The building during Art Basel

A wrap with the logo “CULTURE REIMAGINED Faena District” was partially blown down about a month ago, said Matthew Barnes, a consultant for Akerman LLP, the Brickell-based law firm that represents the Faena Group.

That same wrap was also installed without proper permits and violated the city’s sign ordinance, according to a May 9 report from Miami Beach planning director Tom Mooney to the city’s historic preservation board. “To the day of writing this report, the site has several open violations related to the installation [of] banners and signs,” Mooney wrote. “In addition, there is an open violation for failing to comply with the required 40-year building recertification.”

Mooney’s report pointed out that the “banner facing south was partially detached from the building on at least two recent occasions, creating a potentially hazardous condition for the public and surrounding properties within this highly dense and congested area of Collins Avenue.” And although Barnes stated that the banner was meant to protect the building, the north side of the Versailles was not covered, said Deborah Tackett, the city’s chief of historic preservation.

Faena initially sought a variance allowing the company to seek an after-the-fact permit that would allow his contractors to wrap the building with red material that includes a Faena logo. That request, however, was withdrawn during Tuesday’s meeting. Instead, the historic preservation board, by a 5 to 1 vote, approved a variance that would allow decorative red banners with “Faena” logos to remain on ground-level fences on the north and east sides of the property.

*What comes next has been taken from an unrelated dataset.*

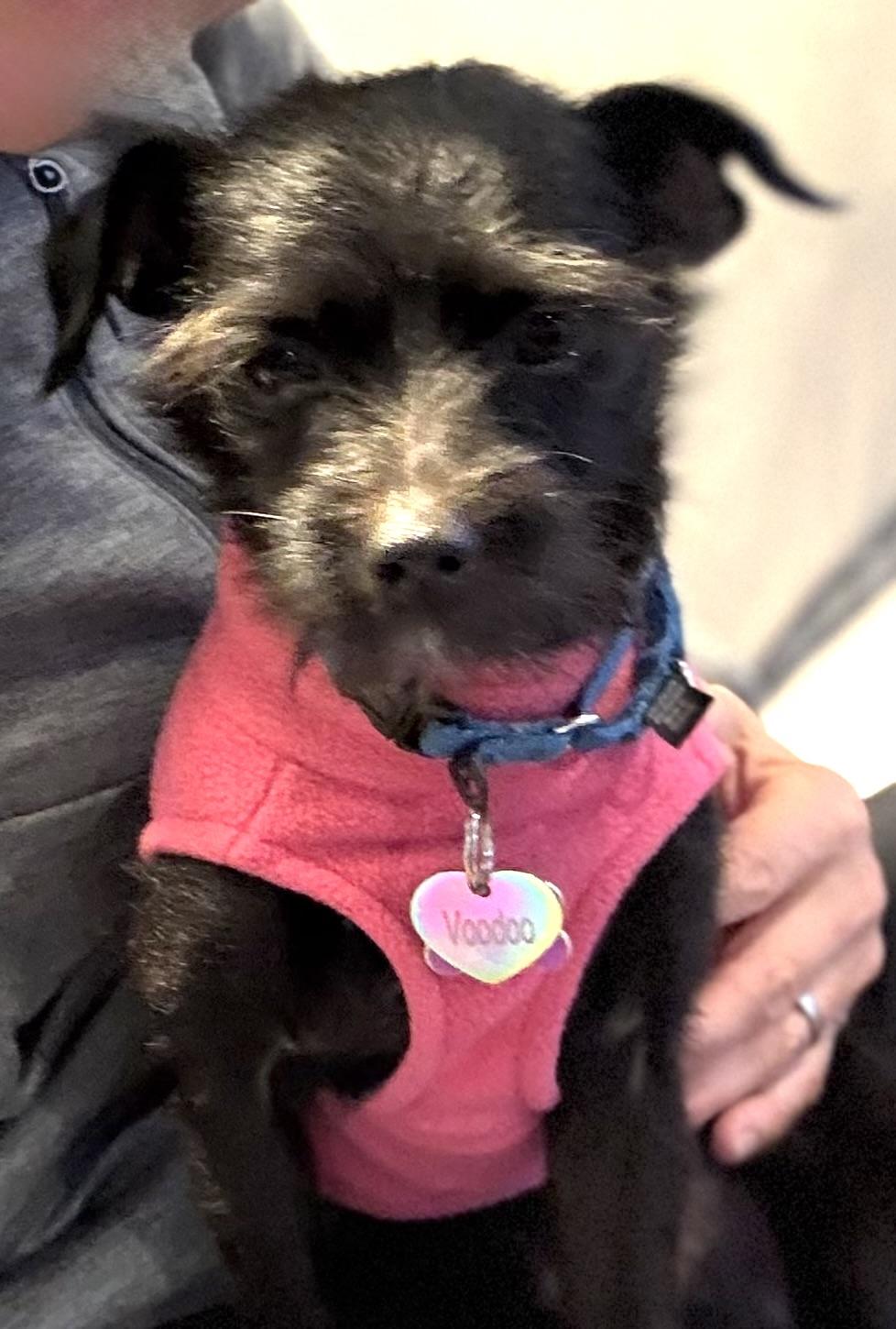 Enlarge Kani, an adopted mixed breed in chevy chase, MD image 4/6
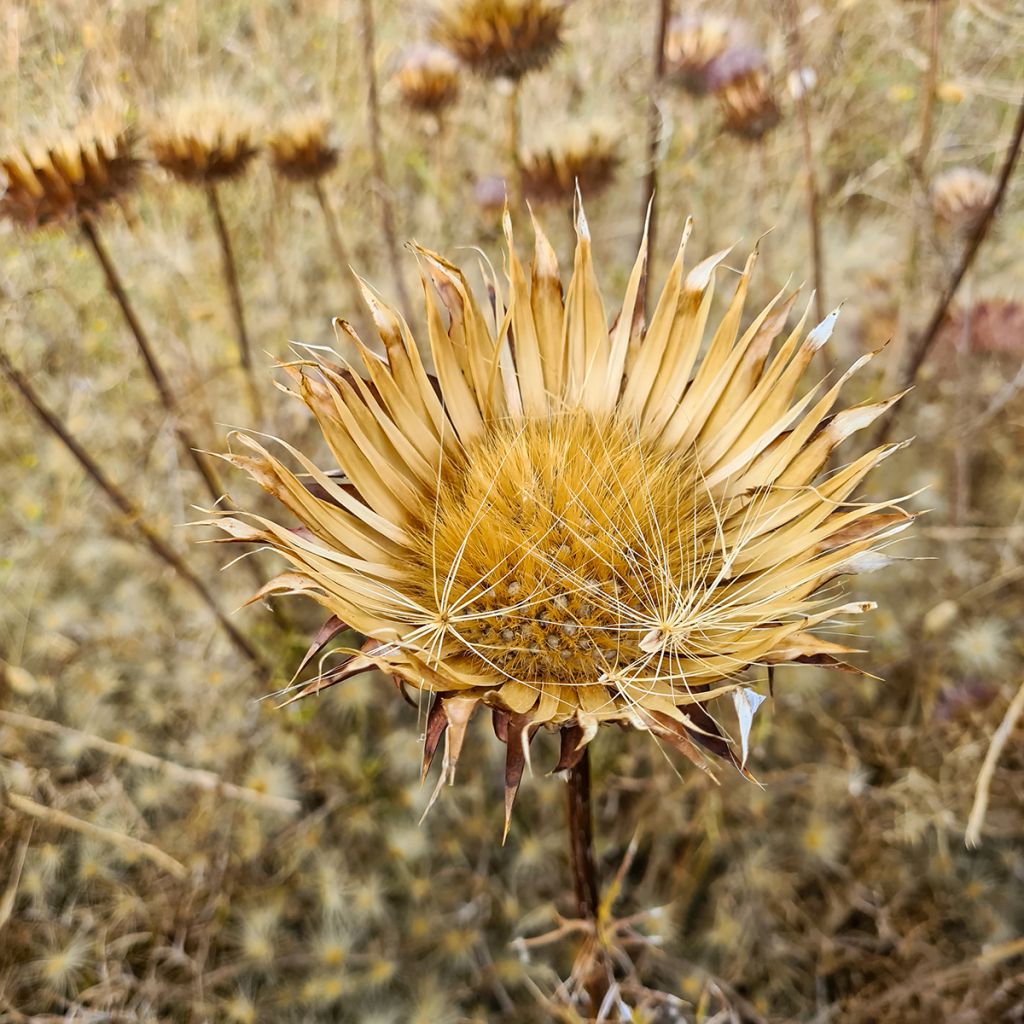 Onopordum nervosum - Eselsdistel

Board members were more concerned with Faena postponing his plans to transform the Versailles Hotel, originally built in 1940 and designed by architect Roy France, into a condominium.

Empty since 2011, the Versailles Hotel at 3425 Collins Avenue was among several properties the Argentine developer purchased between 32nd and 36th streets along Collins Avenue for his Faena District. Faena House, a luxury condo tower, the Faena Miami Beach Hotel and the Faena Forum arts complex, have already been completed. The Faena Bazaar retail building and a parking garage are under construction.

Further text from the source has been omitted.